The occupancy rate of meeting rooms. But also the usage rate, based on the capacity of the meeting rooms. A meeting room can be considered busy all day, but if this room is used by one person, even though its capacity is much larger, this is far from optimal. For this purpose, there are simple presence sensors (presence or not), but also sensors that can determine the number of people present in the meeting room.

The level of toilet attendance. Sensors on the doors make it possible to estimate the number of visits.

Key Metrics of Office Occupancy

What to do with occupancy data generated by IOT sensors?

The 2 main “metrics” for measuring occupancy are the occupancy rate and the usage rate.

The occupancy rate measures whether a space, an office, is occupied or not. 

The usage rate refines this measurement by taking into account the number of occupants.

Based on the measurement of the occupancy rate and the usage rate (available per time slot, per day, per week, per month, per zone, per floor, per building, etc.), we can then calculate many indicators, such as:

  • the vacancy rate
  • the density of use,
  • tops/flops in terms of use
  • Days or periods of the day with high occupancy intensity
  • etc.

Benefits of (re-)planning office occupancy

There are many strategies, which will depend on the objectives of the company:

  • Increased comfort: occupancy data makes it possible to better understand needs, and therefore, to adapt the organization of work spaces (fewer individual offices, more meeting rooms, new collaborative, quiet spaces, etc.). .). Improving comfort can be an argument for reducing “churn”, limiting the departure of employees, in a world where a war for talent is growing.
  • Increased Productivity. Adapting office spaces to new needs and new methods of collaboration will influence employee productivity.
  • Ensure good air quality. Air quality is often directly linked to the level of office occupancy.

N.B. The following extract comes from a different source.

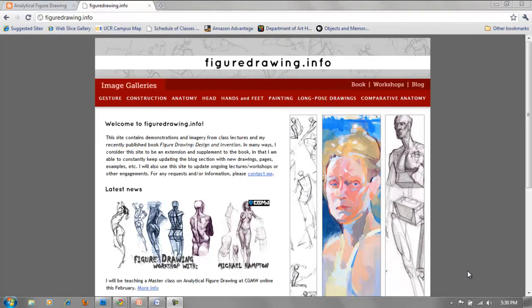Hello, welcome everyone to the analytical figure drawing class offered through the CGMW. My name is Michael Hampton, and I will be the instructor for this class. We'll be together for the next eight weeks going over the figure. It'll be an analytical survey of the figure, taking into account process, the larger masses and perspectives, all the while trying to take the actual and make it more didactic and practical.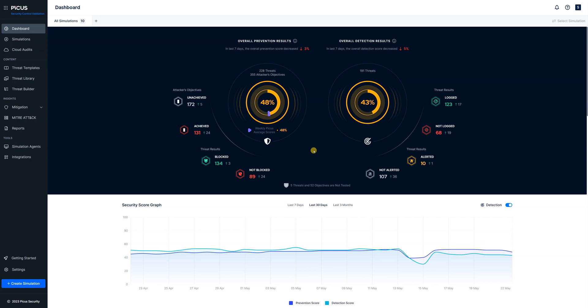So we can say in our environment right now we're blocking 48 percent of the attacks being simulated and we're detecting 43 percent of the attacks that have been simulated.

This is especially the case when the ventilation does not react directly to the actual occupancy, or if the ventilation is not sized to accommodate all levels of occupancy. 
    Read also: The Relationship between Air Quality and Office Occupancy
  • Lower the costs:
    • Knowledge of occupancy levels over time (by period of the day, by day of the week, depending on the seasons) makes it possible to review energy consumption (heating, ventilation, air conditioning). Closing floors and spaces on certain days can drastically reduce energy consumption
    • Organize cleaning according to needs (use), and not simply on the basis of a fixed schedule
    • Reduce allocated spaces

Continuous measurement of Occupancy

It is important to mention that measuring occupancy should not be seen as a “one shot” action. Organizations evolve, and habits change. You must be able to refine your strategies over time, based on measured reality.